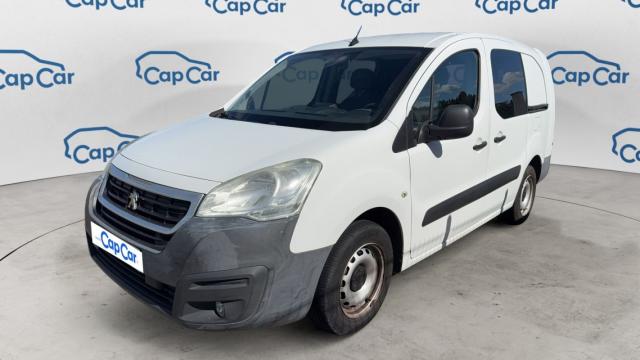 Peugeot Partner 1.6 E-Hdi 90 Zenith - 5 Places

* * *

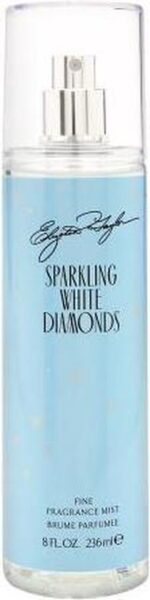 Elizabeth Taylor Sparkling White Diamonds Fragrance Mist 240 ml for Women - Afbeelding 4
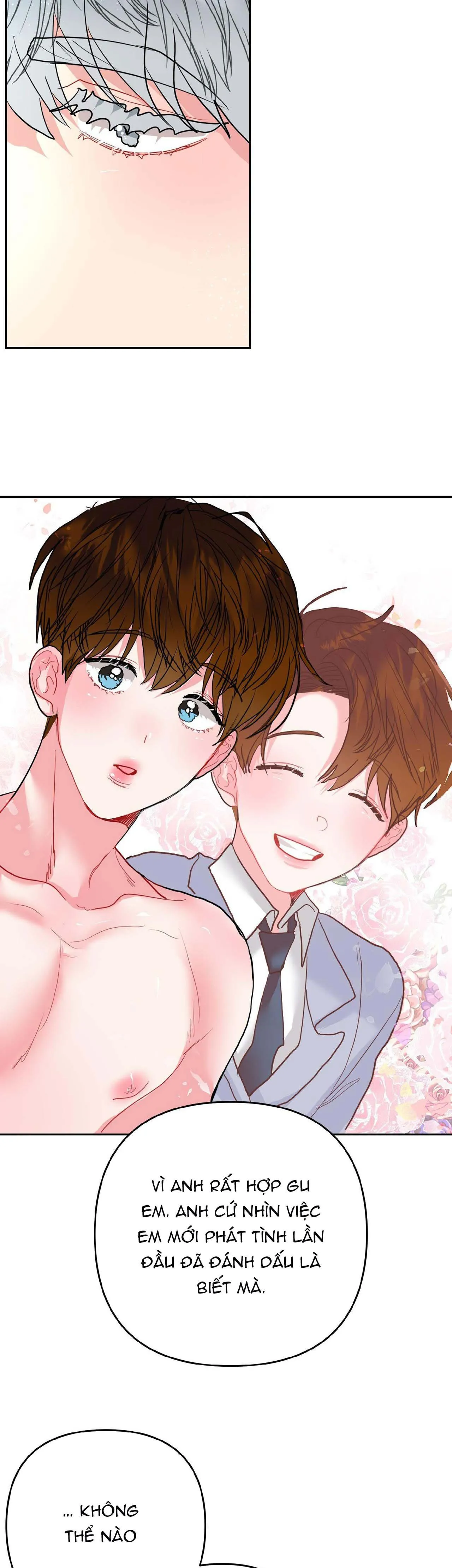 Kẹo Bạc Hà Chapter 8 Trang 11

▸ Problem to work on
Within the material above, find the part that opens with the line containing "Elizabeth Taylor Sparkling" and closes with the line containing "Kẹo Bạc Hà Chapter 8 Trang 11", and reproduce it exactly without the pictures.

▸ Task response
 Elizabeth Taylor Sparkling White Diamonds Fragrance Mist 240 ml for Women - Afbeelding 4
 Kẹo Bạc Hà Chapter 8 Trang 11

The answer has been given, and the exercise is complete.